ENTRIES SHOWN:
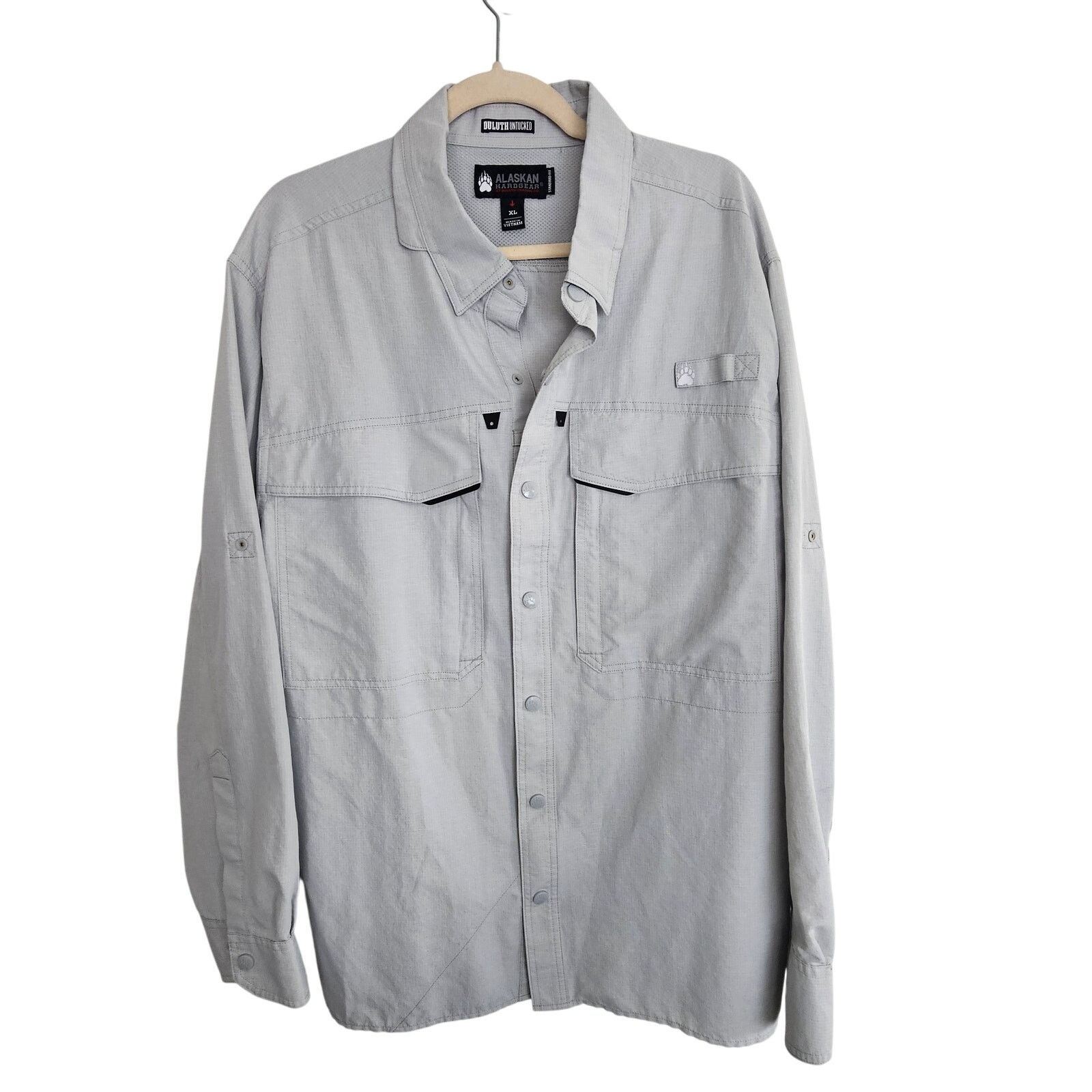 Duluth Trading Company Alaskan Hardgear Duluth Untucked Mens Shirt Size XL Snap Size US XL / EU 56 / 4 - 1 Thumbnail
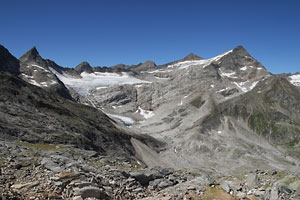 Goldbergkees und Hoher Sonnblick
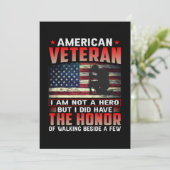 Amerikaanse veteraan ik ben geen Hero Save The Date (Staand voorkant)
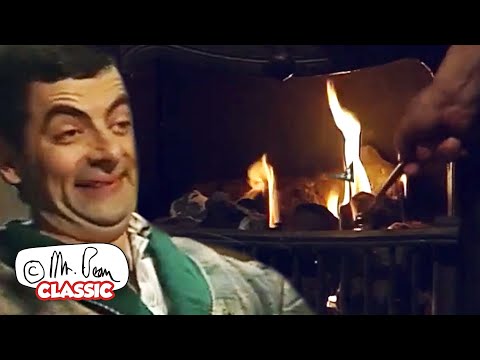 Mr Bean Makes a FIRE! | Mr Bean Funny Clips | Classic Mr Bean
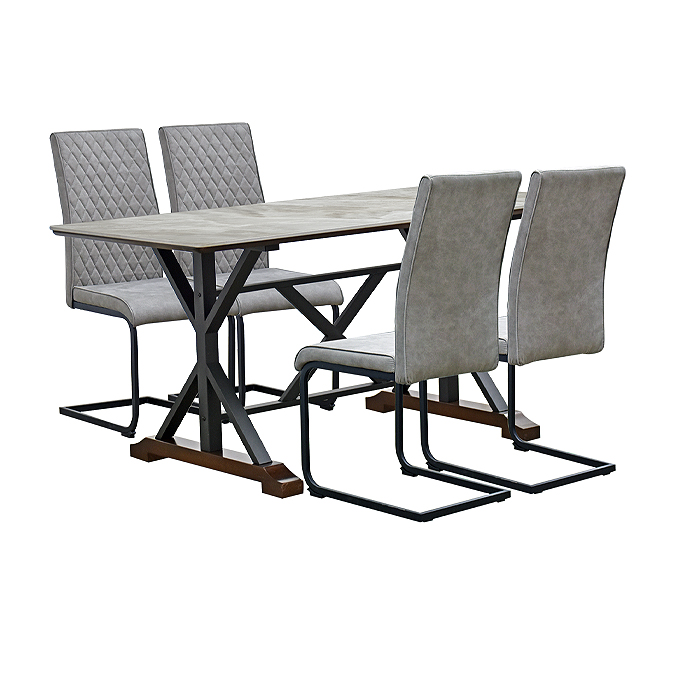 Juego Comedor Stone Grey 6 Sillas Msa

TO DO: If a record above contains a picture, leave the picture out and transcribe everything else exactly.

RESULT OF THE TASK:
 Duluth Trading Company Alaskan Hardgear Duluth Untucked Mens Shirt Size XL Snap Size US XL / EU 56 / 4 - 1 Thumbnail
 Goldbergkees und Hoher Sonnblick
 Amerikaanse veteraan ik ben geen Hero Save The Date (Staand voorkant)
 Mr Bean Makes a FIRE! | Mr Bean Funny Clips | Classic Mr Bean
 Juego Comedor Stone Grey 6 Sillas Msa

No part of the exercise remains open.